# After the storm...



## kmpowell (May 6, 2002)

... my neighbour has himself a bit of a problem - I woke up this morning after last nights high winds/rain, looked out the window and saw this...


















Ouch! [smiley=oops.gif]


----------



## Hilly10 (Feb 4, 2004)

Looks expensive hope he has insurance


----------



## Wondermikie (Apr 14, 2006)

Oops. Sure he's insured though.


----------



## fut1a (Dec 28, 2006)

He may have been doing a DIY submarine conversion


----------



## M T Pickering (Aug 11, 2004)

It's been lowered!!! Is it Koni adjustables? :lol: :roll:


----------



## qooqiiu (Oct 12, 2007)

Is that in Puerto Benus? :wink:


----------



## kmpowell (May 6, 2002)

qooqiiu said:


> Is that in Puerto Benus? :wink:


Lol, hardly. 'Puerto Redcliffe' in Bristol!

They have spent the best part of today trying to winch it out of the water, but are not having much success. It's guy roped up and there are several people in diving equipment, but they are currently sat around drinking tea scratching their heads - they seem to have run out of ideas.


----------



## Wondermikie (Apr 14, 2006)

LOL nothing a big pump shouldn't be able to sort out, it's hardly "raising the Titanic". You'll have to keep us posted as to how they get on 

Have you spoken to the neighbour, is this just a few mates trying to rescue it themselves?


----------



## kmpowell (May 6, 2002)

Wondermikie said:


> You'll have to keep us posted as to how they get on


Live update! 

Guy roped down to stop it sinking further and a smaller boat has turned up:









The diver is ready to go:


----------



## Wallsendmag (Feb 12, 2004)

Don't you know there's footy on the telly????


----------



## JamesR (Jul 11, 2008)

sorry but that is fking hilarious!!


----------



## kmpowell (May 6, 2002)

They try to raise it enough to get the line for the pump in place...

























Currently it looks like this, with some sort of ancient pump trying to get the water out of the cabins...

















I can't help but think they are going about it the wrong way with some of their methods, but hey ho, it's brightening up my dull sunday.

p.s. By all account the owner isn't a neighbour of mine, but instead it's somebody who pays to moor his boat here.
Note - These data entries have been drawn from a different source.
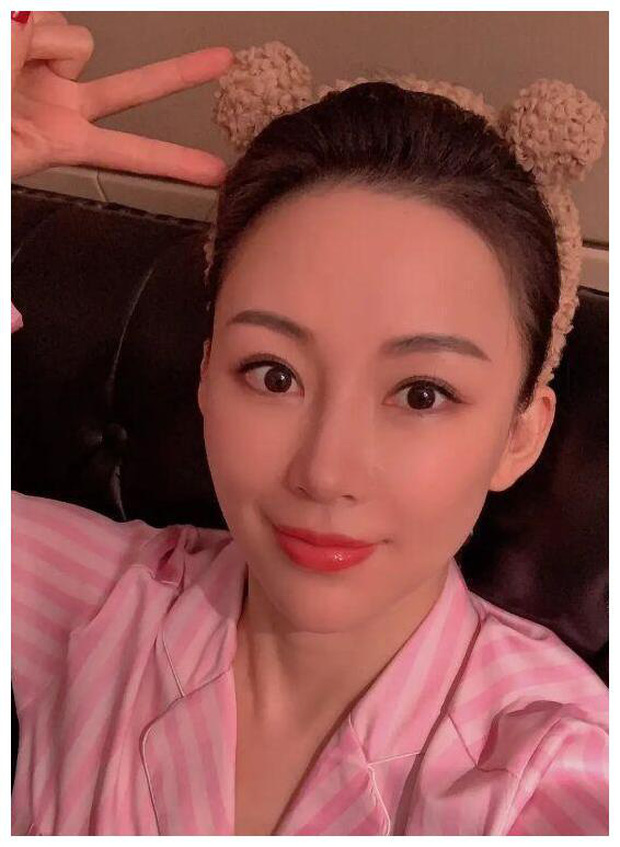 Chân dung nữ VĐV giàu có nhất Trung Quốc: Gần bước sang tuổi tứ tuần nhưng nhìn như đôi mươi, vẫn đang chờ một đấng nam nhi đủ tầm để lên xe hoa-5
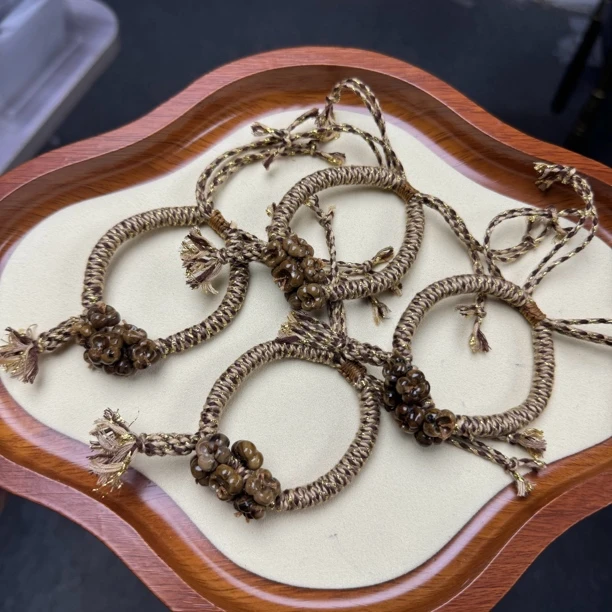 •根珀桂花手绳 秋季美拉德文玩手链 天然微瑕多样性发货一件A9306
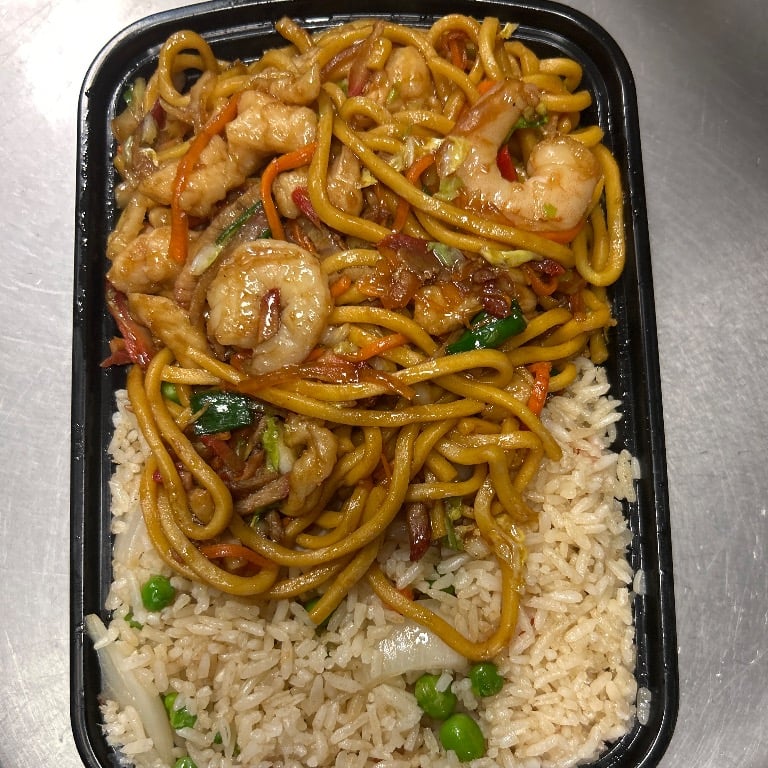 C 本楼捞面<br>C36. House Special Lo Mein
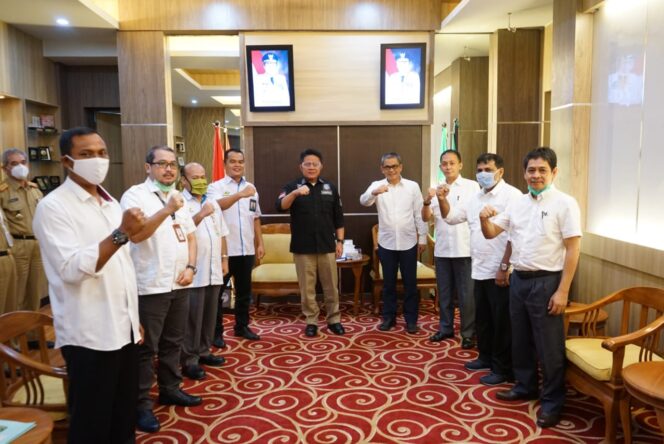 
					Cegah Karhutla, Herman Deru Peringatkan Direksi PTPN VII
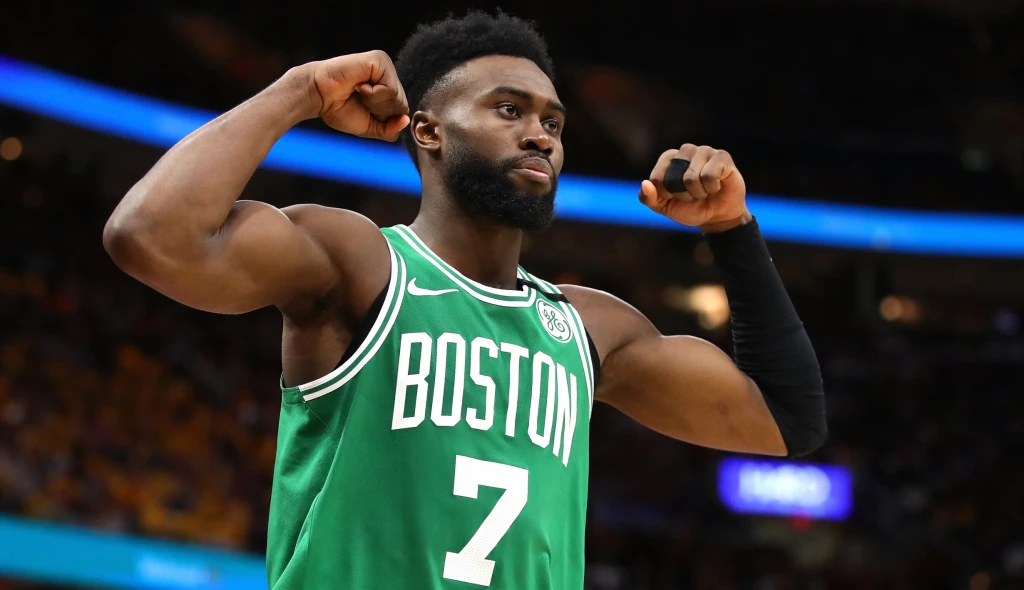 Rekord pod koši NBA. Jaylen Brown podepsal smlouvu za 304 milionů dolarů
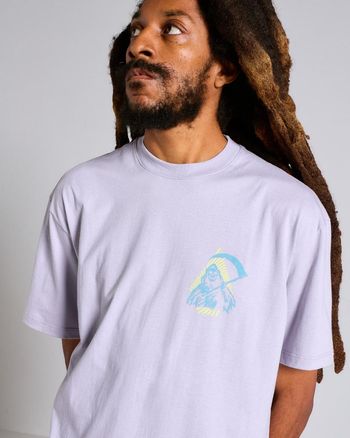 Camiseta Volcom Comfort Reaps Roxa M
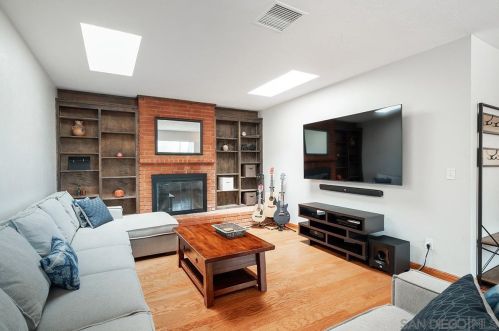 11120 Toyon Hill Dr, Lakeside, CA 92040-1247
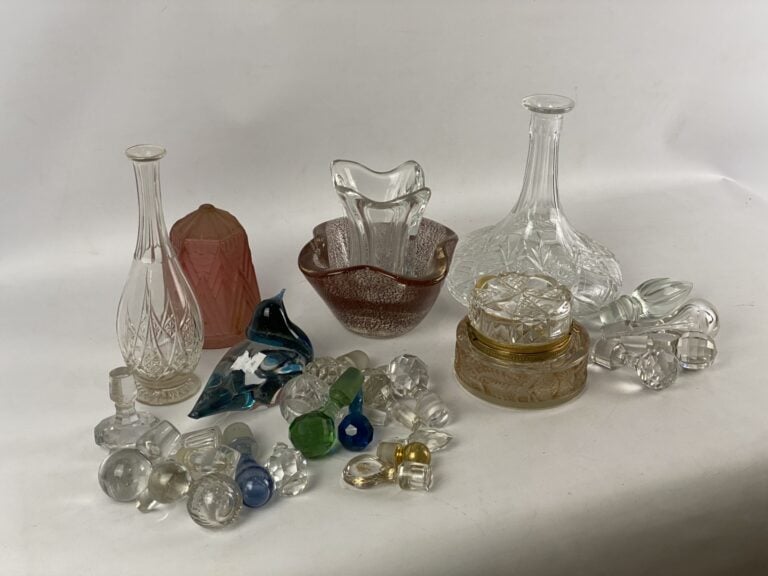 Lot de verrerie comprenant : - - SCHNEIDER France - Coupe quadrilopée en verre…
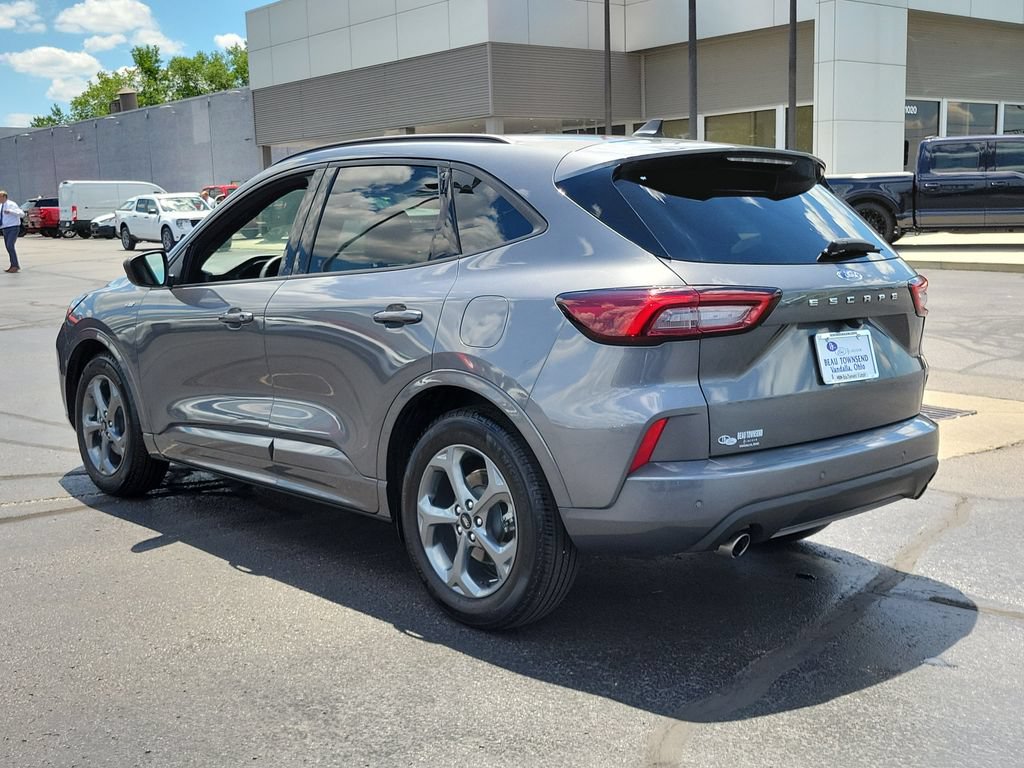 Certified 2023 Ford Escape ST-Line w/ Tech Pack #1 FWD image 6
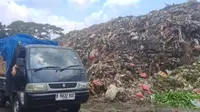 20 Truk Swasta Dikerahkan Angkut Tumpukan Sampah di TPS Pasar Induk Kramat Jati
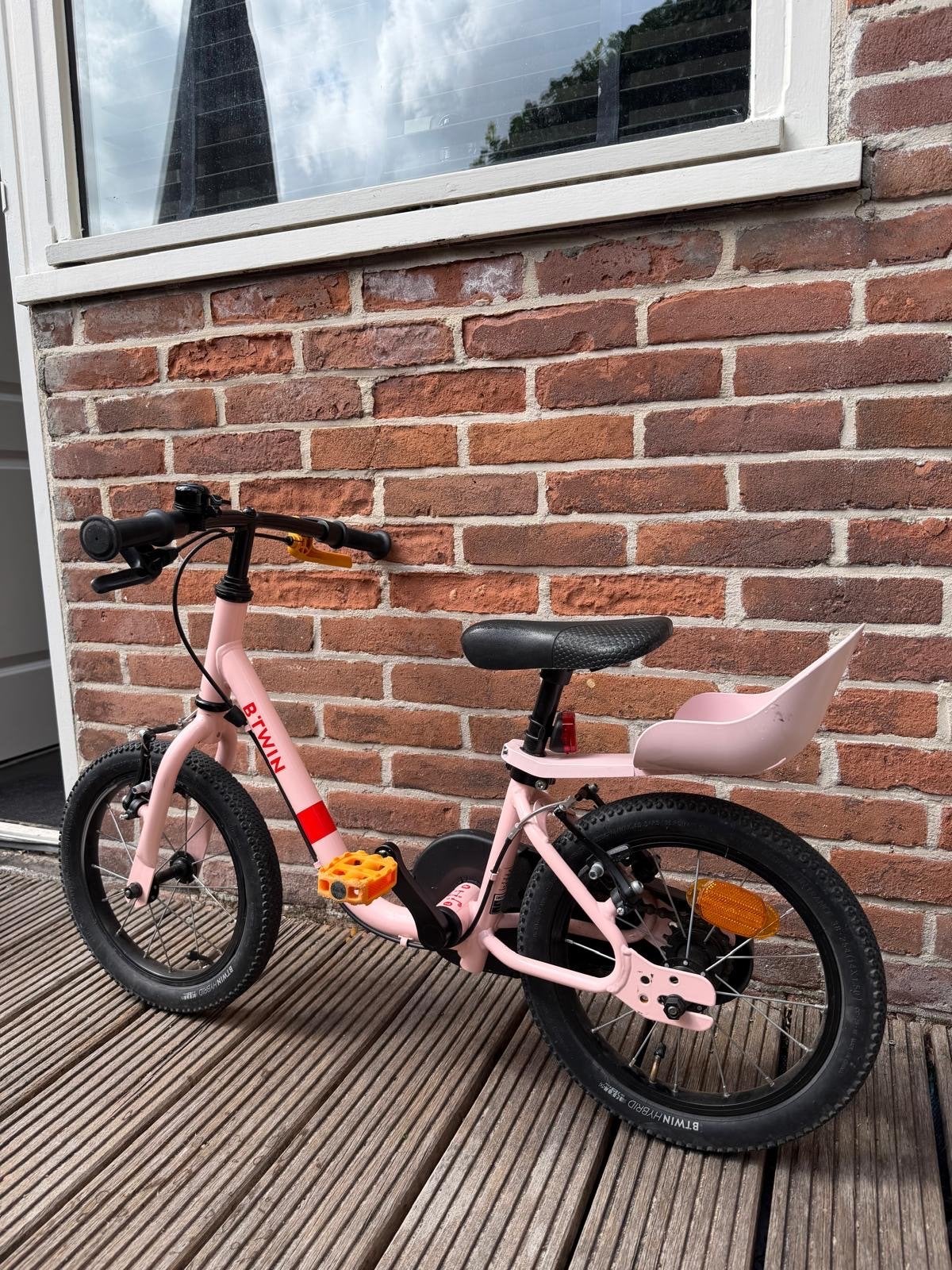 BTWIN 500 Kinderfiets Roze 14 inch, Fietsen en Brommers, Fietsen | Kinderfietsjes, Ophalen, Zo goed als nieuw, Terugtraprem, Minder dan 16 inch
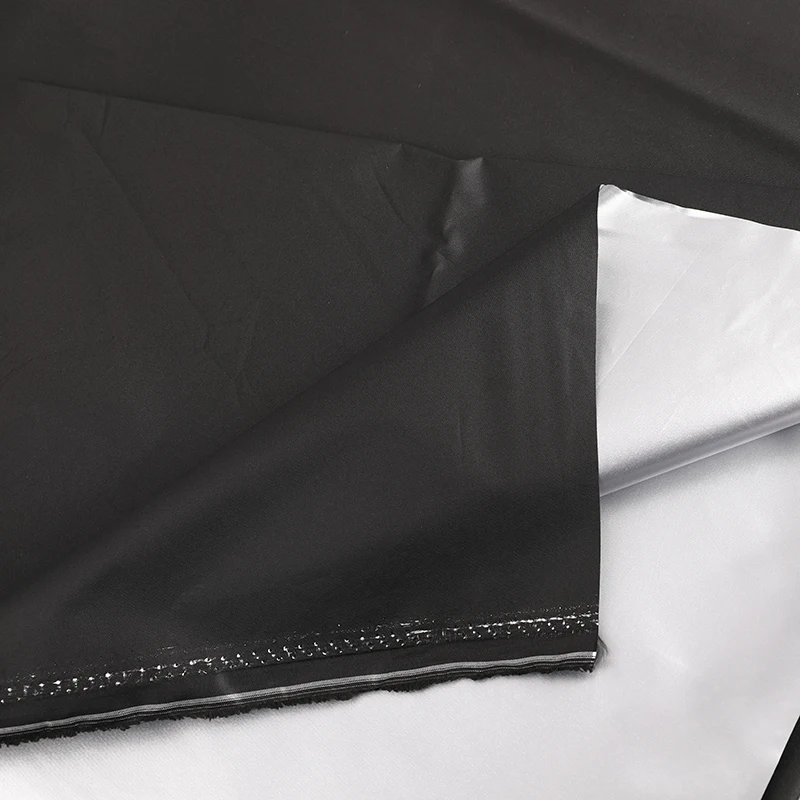 210D Polyester Oxford Fabric 100 Percent Blackout Silver Coating Car Curtain Roller Blind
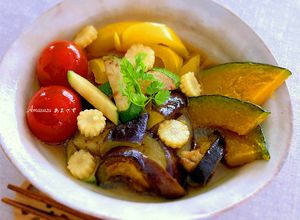 Foto di Verdure grigliate con brodo dashi "yaki-bitashi"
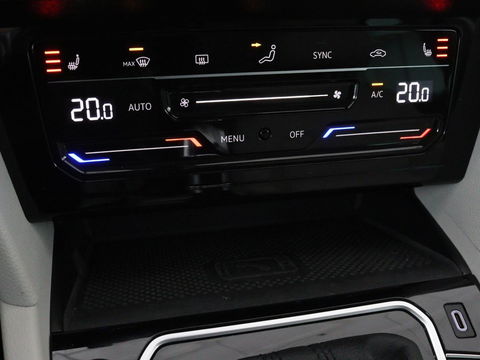 Volkswagen Passat 1.4 TSI GTE | Panoramadak | Stoelverwarming | Leder/Alcantara | Camera | Carplay | Adaptive cruise | Matrix LED | Massage | Navigatie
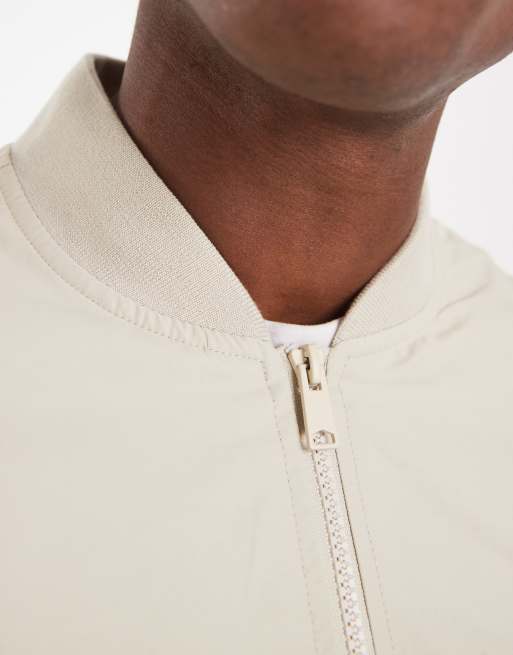 ASOS DESIGN – Ljusbeige, tunn bomberjacka med tryck, 5 av 5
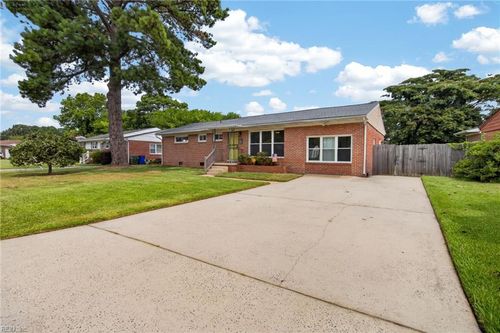 2924 Dominion Ave, Norfolk, VA, 23518-3330 | Card Image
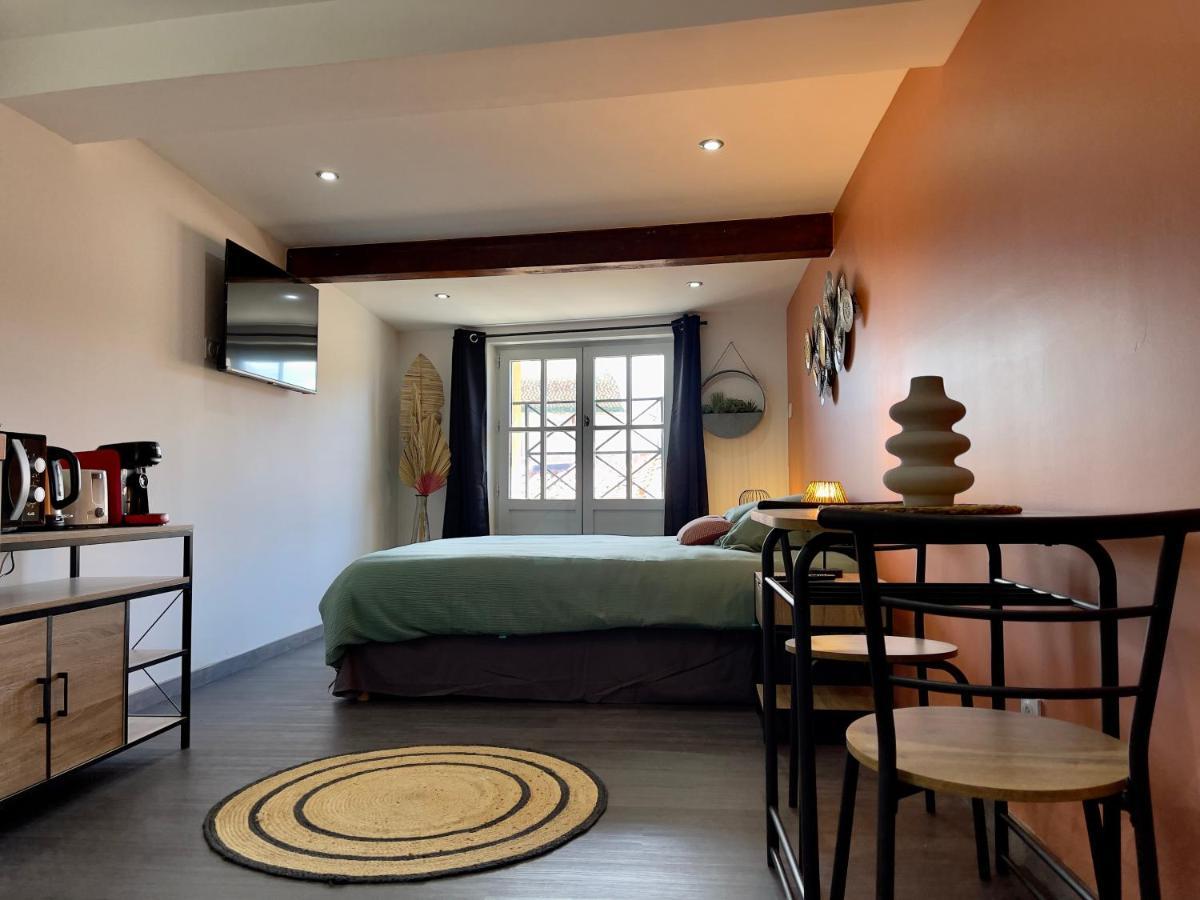 קרקסון Rooftop N°38 - Rooms Et Studios - Vue Cite Medievale מראה חיצוני תמונה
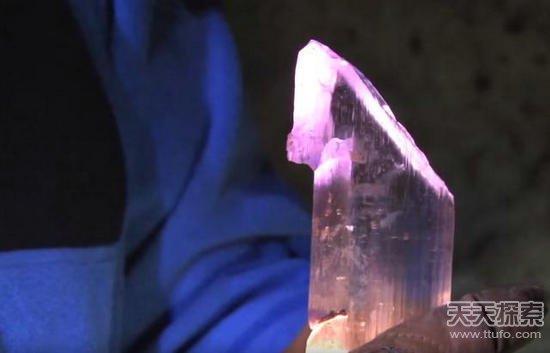 男子野外挖到奇石:切割后的发现让人震撼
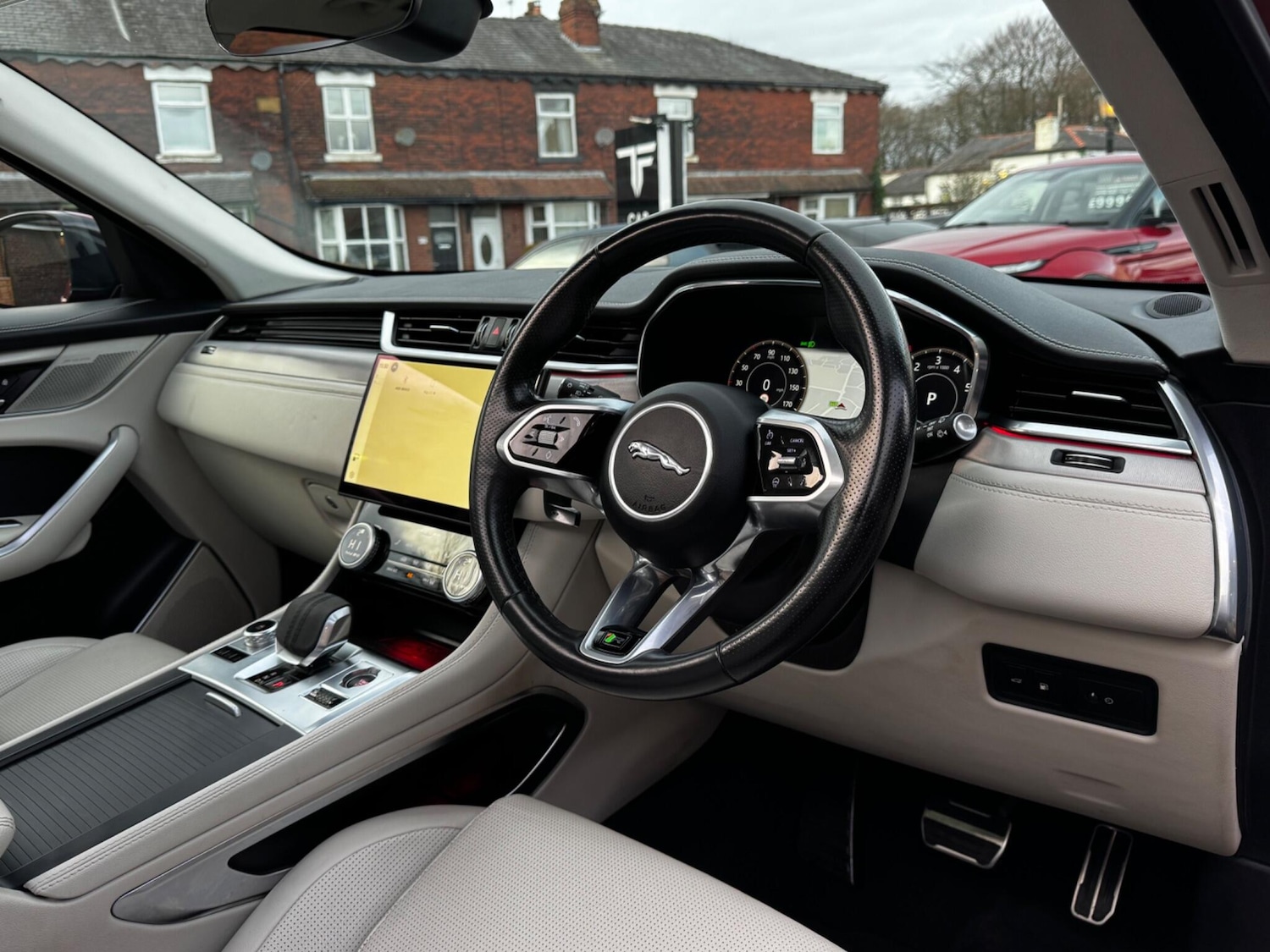 Used Jaguar F-Pace 2023 for sale - 77266860: Photo 32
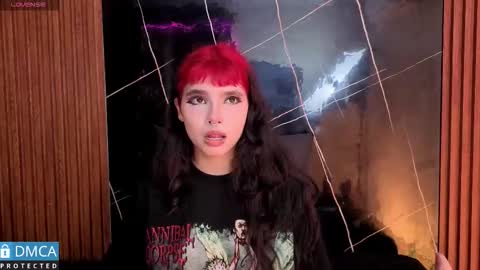 raven_rox_ online show from December 2025 03:01:02 AM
I don't feel quite so guilty about taking pictures now!


----------



## mighTy Tee (Jul 10, 2002)

Storm - if that happened in the storms we have had recently then it is a pretty poor show.

More likely the lazy owner can be arsed to make his boat safe and left open the seacocks, then a pipe attached to one has failed.

The will need to either get a crane to it of some form of air filled bladder tank to get it high enough to pump out.


----------



## cyberdude (May 24, 2002)

You'd think they'd get a couple of big blowers and pump air into the cabin to help displace the water as well as pump it out. It would go a lot quicker.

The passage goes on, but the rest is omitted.